Sedangkan mitologi yang hidup di tengah masyarakat
mempengaruhi cara pemimpin local memimpin.
Di alam pemikiran Melayu Jambi, pemimpin kemudian
ditempatkan sebagai symbol pohon beringin. Seloko “Pohon gedang di tengah dusun. pohonnya rindang. Akar tempat besilo.

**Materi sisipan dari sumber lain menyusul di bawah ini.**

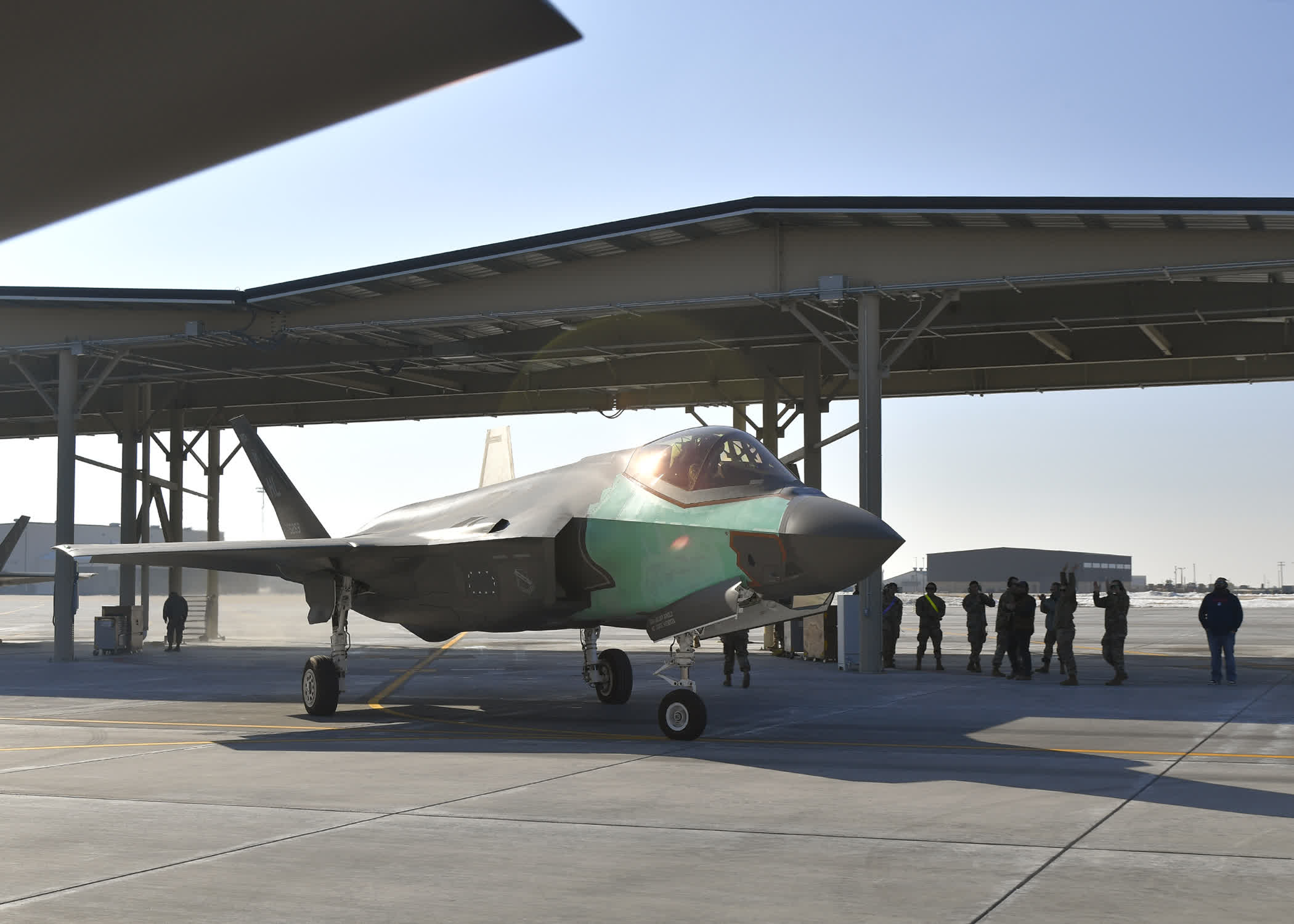 La Fuerza Aérea de EE. UU. Fusiona dos F-35 destrozados juntos para construir un «Franken-Bird» digno de un cielo por solo $ 6 millones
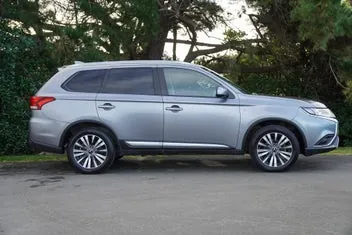 Mitsubishi Outlander 2022 photo 3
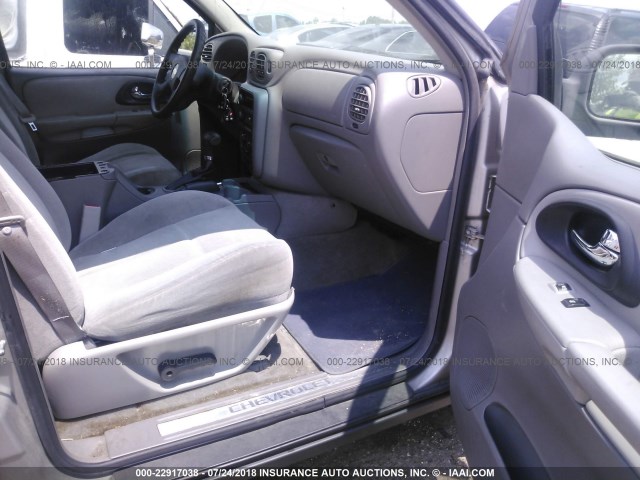 1GNDT13S862172874 - 2006 CHEVROLET TRAILBLAZER LS/LT Gümüş foto 5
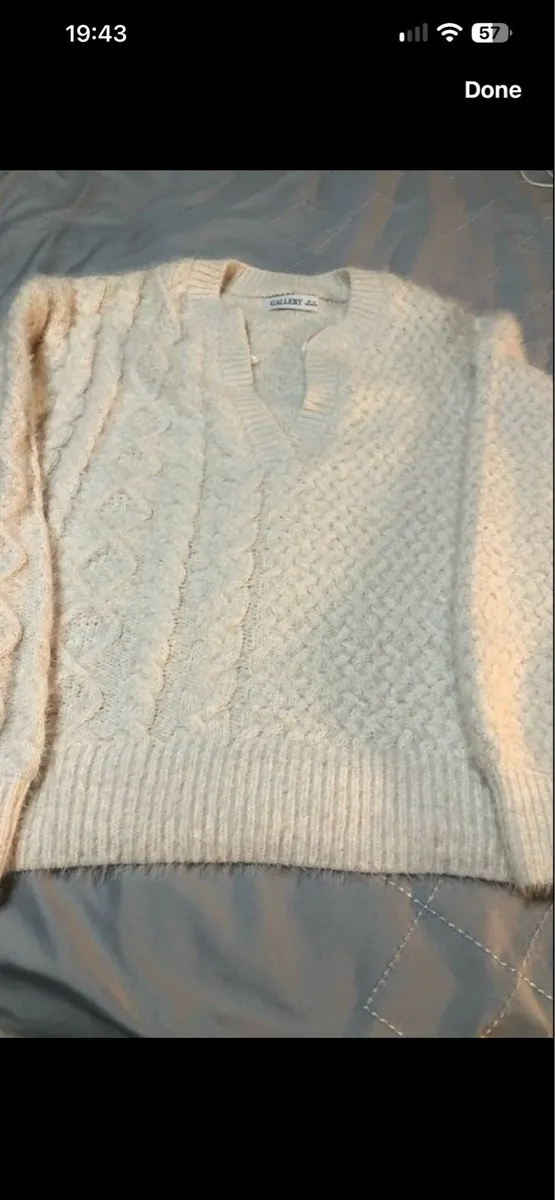 Ladies stunning jumper size M €5 - Image 1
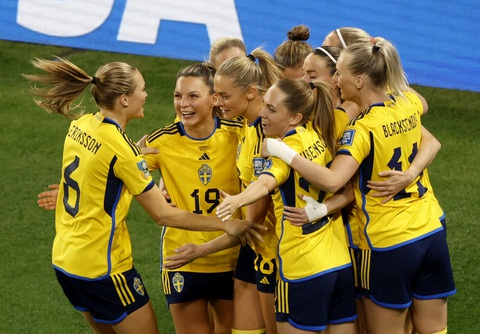 Hạ gục chủ nhà Úc, Thụy Điển đoạt huy chương đồng World Cup 2023 - Ảnh 1. Niềm vui chiến thắng của tuyển nữ Thụy Điển - Ảnh: REUTERS
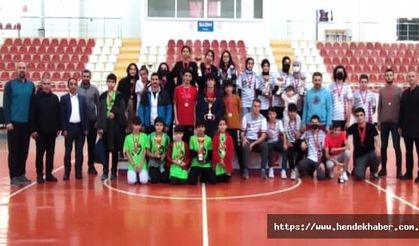 Hendek de Masa Tenisi Turnuvası düzenlediler…
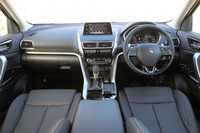 インストゥルメントパネルには水平基調のデザインを採用。立体的なシルバー加飾を施し、スポーティーさと上質さを表現している。中央にスマートフォン連携オーディオ用のディスプレイが備わる。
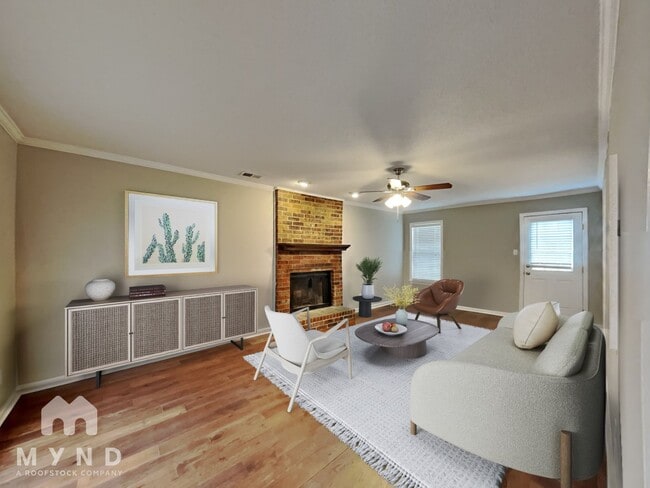 Photo - 2433 Dove Glen Cove House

Dihormati “didahulukan selangkah.
Dilebihkan sekato. Atau “tempat pegi
betanyo. Tempat balek becerito”. Yang berhak untuk memutih
menghitamkam, Yang memakan habis, memancung putus, dipapan jangan berentak,
diduri jangan menginjek.
Penghormatan kepada pemimpin
disebutkan “Alam sekato Rajo, Negeri
sekato Bathin. Atau Alam berajo, rantau bejenang, kampung betuo, negeri
bernenek mamak. Atau “Luak Sekato Penghulu, Kampung Sekato Tuo, Alam sekato
Rajo, Rantau Sekato Jenang, Negeri sekato nenek moyang.
Alam juga mengabarkan
pemimpin yang lalim sebagaimana ujaran “Rajo
alim, Rajo disembah, Rajo lalim, Rajo disanggah”. Jatuh
dipemanjat. Jatuh
di perenang
Dan pemimpin yang baik dapat
dilihat “negeri aman padi menjadi, airnyo
bening ikannyo jinak, rumput mudo kebaunyo gepuk, bumi senang padi menjadi,
padi masak rumpit mengupih, timun mengurak bungo tebu, menyintak ruas terung
ayun mengayun, cabe bagai bintang timur, keayek titik keno, kedarat durian
guguu.
Begitu juga
dengan alam pemikiran berbagai daerah. Hubungan batin antara pemimpin dengan
pola relasi dengan masyarakat juga menggambarkan pemikiran dan tindakan dari
pemimpin.
Tentu saja
masih banyak cerita dari berbagai daerah yang bisa kita ketengahan untuk
memotret gaya kepemimpinan. Dengan memotret berbagai ramuan dengan mudah kita
bisa memahami karakter dan gaya kepemimpinan.
Inilah yang
memperkaya pengetahuan tentang kepemimpinan di Indonesia. Sehingga tidak salah
kemudian saya lebih suka memberikan makna “rasa
Indonesia” didalam melihat gaya kepemimpinan di Indonesia.